* [TASK DIRECTIONS]:
A faithful copy of every entry is the goal; keep the images out of it.

* [Dataset records]:
★ ★ ★

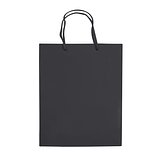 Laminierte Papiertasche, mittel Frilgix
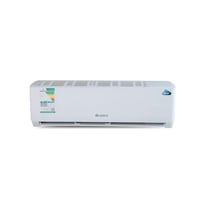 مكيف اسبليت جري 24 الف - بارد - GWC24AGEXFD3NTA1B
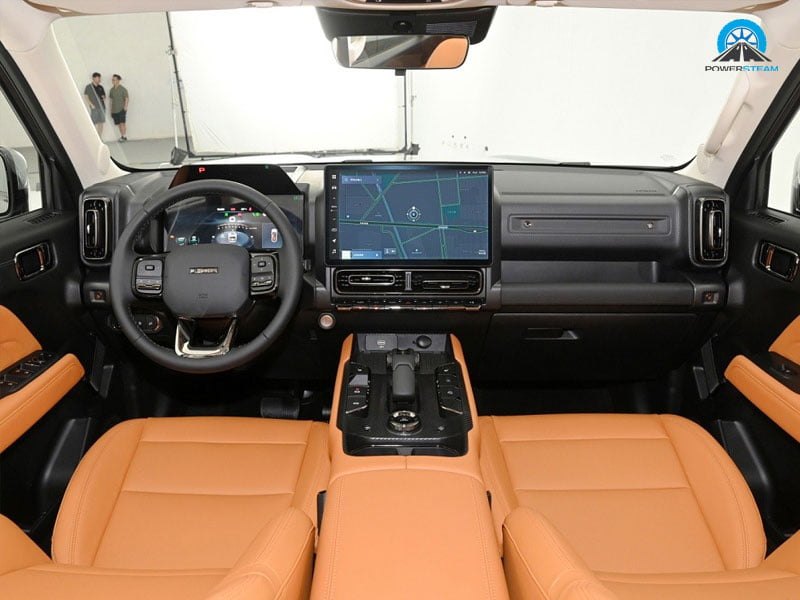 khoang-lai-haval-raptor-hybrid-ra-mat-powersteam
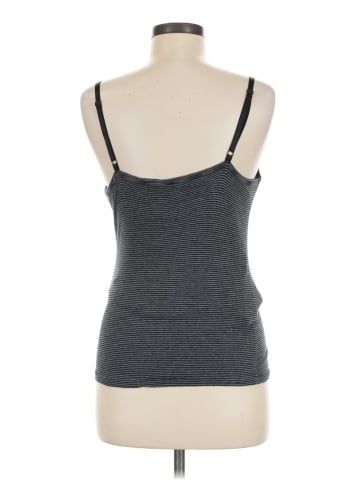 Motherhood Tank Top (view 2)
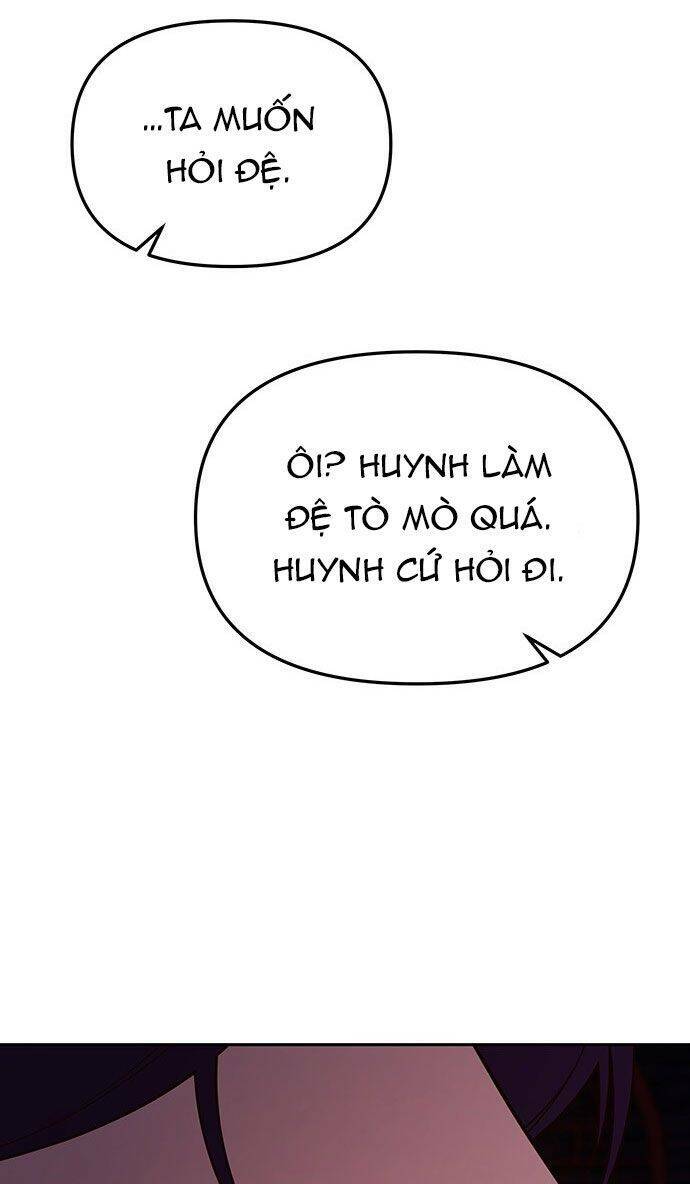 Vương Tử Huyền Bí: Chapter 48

★ ★ ★

* [WRITTEN RESPONSE]:
 Laminierte Papiertasche, mittel Frilgix
 مكيف اسبليت جري 24 الف - بارد - GWC24AGEXFD3NTA1B
 khoang-lai-haval-raptor-hybrid-ra-mat-powersteam
 Motherhood Tank Top (view 2)
 Vương Tử Huyền Bí: Chapter 48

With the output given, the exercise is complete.